The digital file that in principle abolishes the difference between original and copy is in its essence very democratic, right? Conversely, does the NFT not represent a return to the old art world with the exclusive originals?

“There is a bigger schism behind it all. It's about Web 3.0, which we are entering, and which everyone has an opinion on right now.”

“Web 1.0 was basic websites, Web 2.0 became mainly social media, which is owned by a few giants, Apple, Google, Facebook, who totally control our behavior and have everything on us. It may well be that it is all divided and exists infinitely, but there are a few who have the ownership. In Web 3.0, the hope is that we can re-establish the ownership and that there is no big tech giant at all.”
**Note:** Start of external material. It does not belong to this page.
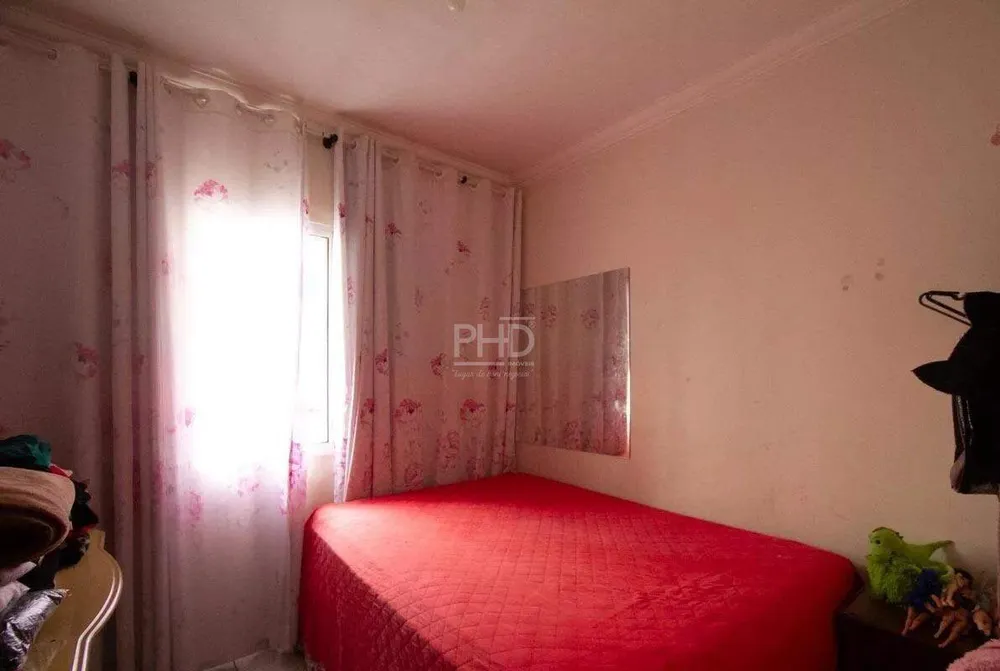 Sobrado, 3 quartos, 225 m² - Foto 5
"There are pioneers in the field who see the NFTs as a new renaissance and compare it to when printing presses were created, which meant that it was not only the church and the princes who had the opportunity to spread their message. Other groups were given access to free speech”.

“There is a revolution happening. The great landmark is the NFT, which especially makes sense within and has been acquired by art. Art is super important in all of this. In fact, it is the one field that makes NFT’s more concrete. The art is our best bid at making the NFT tangible and show the great potential that exists for us in taking back the ownership of data", says Mille Kalsmose.

After the exhibition in Venice, Kalsmose's work will take the form of collectible objects of unique NFTs, each of which is part of the overall work. In this way it aligns with the way the work is produced:

Just as the work was created collectively by virtue of a large number of individuals' unique contributions, unique parts are now being extracted and sold to a group of potential buyers. Many will own unique parts of the same work.

 

The exhibition The Times of the Chimera in Cameroon's Pavilion takes place in Palazzo Ca ’Bernardo.

The Venice Biennale is open until 21 Nov.